そうだ、こんな時こそ透視だ。私は本棚を裏側まで透視した。そうすると西側の壁の方にくっついてる本棚の後ろが空洞になっていた。
「あっ、ここ、ここです。ここに空洞があります!」
「なるほど。ならば無理に開けずとも良い。アリュアス、ここに残れ」
公爵様がギルマスに指示を出す。なんで残すの? ああ、ここの証拠を隠滅されないためだね。
「よし、ではキュー君。代官の部屋に行こうか。場所は分かっているのだろう?」
まあ忍び込んで見つけましたから場所は分かってますが、転移では行きませんよ。なるべく転移先に人が居るのは避けたいので。目視できるなら良いけど。
「仕方ない。確か三階だったな」
どうやら公爵様も来た事がある様だ。私たちは足を早めて階段を上る。途中で衛兵に会ったが、公爵様がひとにらみすると直ぐに武器を下ろした。
「代官、失礼します」
「ほほう、これはこれは冒険者ギルドのエレノア嬢でへありませんか。勝手に代官屋敷に侵入とはなかなかお行儀が悪いですな」
「副ギルド長のラルフを捕らえました。どういう意味か分かりますね?」
「なんの事やらさっぱり。まあラルフは役立たずだったということだ。当然私とやつが繋がってた証拠などあるまい」
あくまでとぼけるつもりの代官。ニヤニヤ笑っている。そう、ラルフを捕らえたとして、貴族である代官には指一本触れられないというのが身分制度らしい。怪しいと分かっていても拘束すら出来ないのだ。
「それよりも、代官屋敷への不法侵入、冒険者ギルドは犯罪行為を推奨するおつもりか? この件は王都の冒険者ギルドに申し入れさせてもらおう」
いやらしい笑いをうかべる代官。恐らく彼の頭の中ではエレノアさんが泣いて許しを乞い、「あなたの言うことをなんでも聞きます!」「ん? 今何でもって言ったよね?」みたいな展開になるとでも思っているのだろう。
「この屋敷への侵入はワシが許可したのだ」
「なんだと? 一体誰の許しを……え、てぇ!?」
「代官よ、貴様の許しがワシに必要かね?」
「こ、こ、こここここ公爵様!? ど、ど、どうしてここに?」
わかりやすいほど動揺している代官。そりゃそうだ。本来は王都に居るはずの公爵様がこんな辺境の地まで来ているのだ。
「さて、代官。そんなことはどうでも良かろう、ワシの質問に答えてくれんかね?」
「い、いえ、その、特には必要ないかと」
「ふむ、ワシはな、ここに子どもたちが捕らえられておると聞いているのだが知らんか?」
「めめめ滅相もない! 私は、私は、断じて無罪でございます! 濡れ衣でございます!」
「ほう? ならばこの屋敷にはそういう子どもは居ないと?」
「もちろんです!」
見つかるはずがないと思っているのか、実際公爵様の過去の監査はくぐり抜けたらしいのでかなり自信があるのだろう。
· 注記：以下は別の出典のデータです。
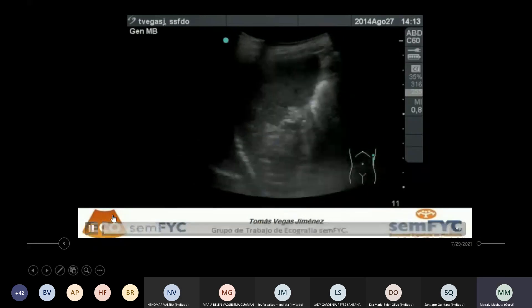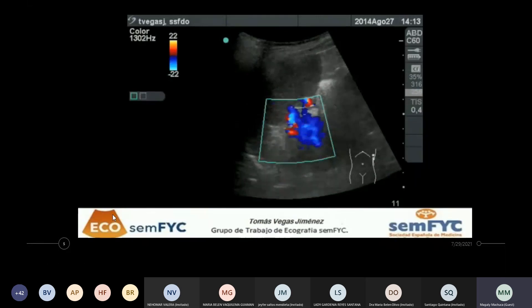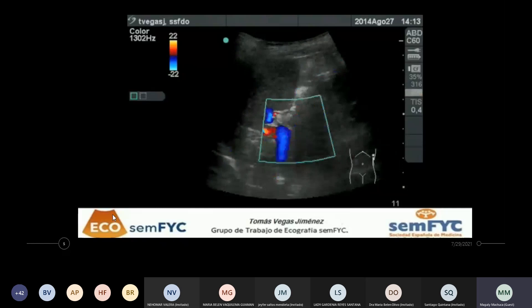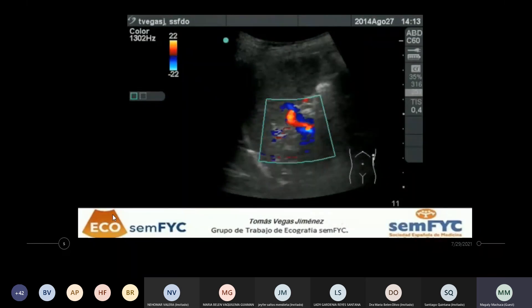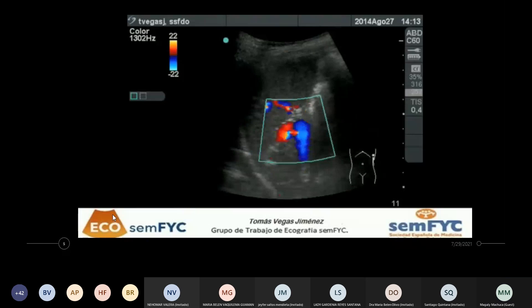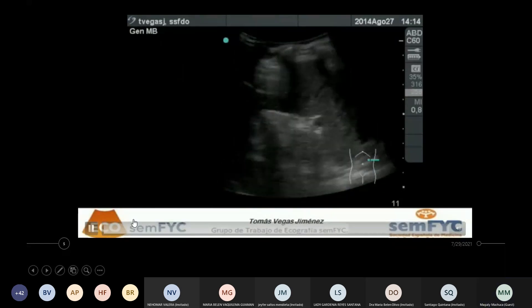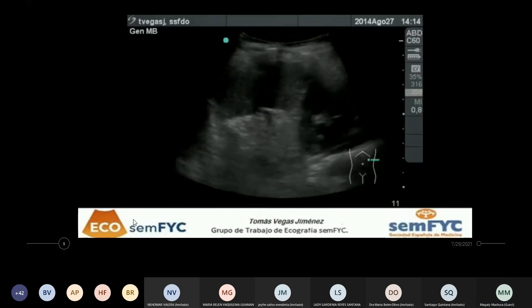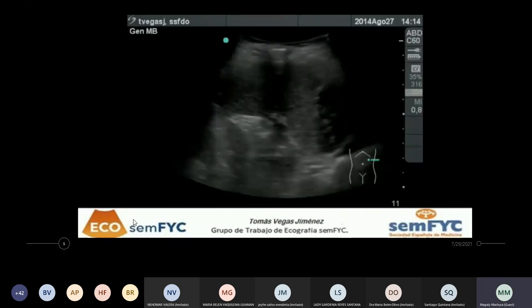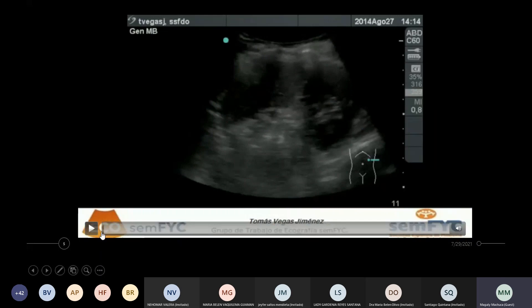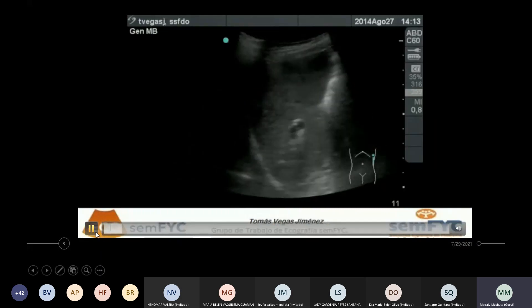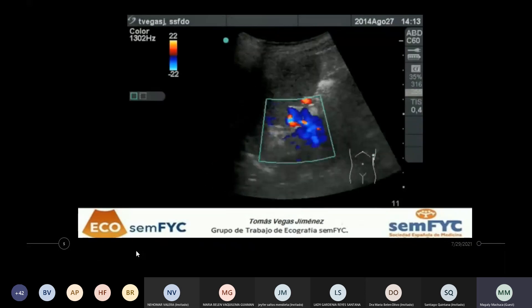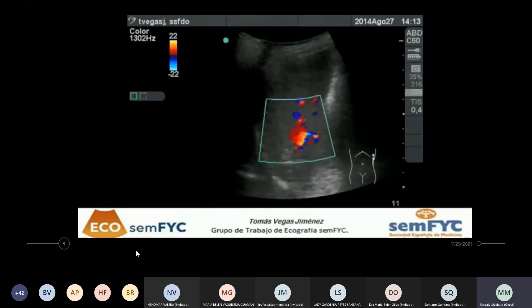Para que vayan viendo cómo se ve, cómo son las ecogenicidades. Aquí le ponemos el Doppler color y podemos ver también la arteria y la vena esplénica, el hilio esplénico. También tiene relación con el estómago. A veces vemos una imagen que está adyacente al vaso y suele ser el estómago que está distendido con líquido, entonces suele verse al lado del vaso una imagen así.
「ならば調査させてもらおう。よし、一階までついて参れ」
「はっ!」
元気よく返事をする代官。肉体的にはマッチョなんだけど公爵様に気圧されてるのか小さく見える。公爵様は先頭に立ってどんどんと進んでいく。最初は余裕そうな表情を見せていた代官は書庫にたどり着く辺りで顔色を悪くしていた。
「ここじゃな」
「ここ、ですか? あの、ここは単なる書庫で」
「そんな事はわかっておる。さて、入るか」
さっきも来ていたが相変わらず本棚に囲まれた部屋だ。もちろん本棚は開いてないので下への階段も見えない。
「申し訳ありません、公爵様。大して整頓もしておりませんで。むさ苦しいところでしょう。直ぐに広いところにお茶を用意させますので」
代官が揉み手をしながら恭しく言う。さっさと切り上げさせようという魂胆だろう。私はこっそりと転移を敢行した。私の姿が本棚の後ろに消える。
「公爵様」
「おお、キュー君か。何故そんな所に?」
「馬鹿なっ!?」
「ここに下へと続く階段があります」
「ほほう、それは興味深い。ワシも見てみたいところだ。代官よ、ここにはどうやって行くのかな?」
なかなかの役者である。打ち合わせ通りとはいえ、不自然さはない。公爵様もなかなかにやりますな。
「そ、それは……私にもよく分かりませんで」
「ほほう、シラを切ると?」
「い、いえ、その、地下室の存在に気付かず」
「地下室のう。確かキュー君は階段があるとしか言っておらんかったと思うが」
完全に代官が黙った。きっと失策だとわかったんだろう。となれば代官が次にとる行動は……
「ええい、衛兵ども! ここにいる公爵は偽物よ! 貴族の名を騙る不埒ものどもを片付けるのだ!」
口封じだろう。普段は公爵様がきっと騎士たちに囲まれてるんだろうが、今回は転移なので一人だけだ。そしてこの場に戦力になりそうなのはエレノアさんだけ。ならば一か八かに賭けてみるのもありだろう。
ただし、ここにはそれ以外にもう一人潜んでいたのだ。外からぐぎゃっとか悲鳴が聞こえる。アリュアスさんが動いたんだ。
「代官よ、観念するのだ。さすがに公爵様を弒逆しようというのは大罪ではないか?」
「ぐっ、ぐうっ」
よく見るとここまでこっそり着いてきていた執事風のメガネが居なくなっている。もしかして……私は本棚の後ろから三階の部屋に転移した。
「なっ!」
そこには執事のメガネが金庫を開けて中の書類を持ち出そうとしていた。私が持って帰ったのはほんの一部だからね。執事は私を見つけると「退け!」と怒気をはらんだまま蹴りつけてきた。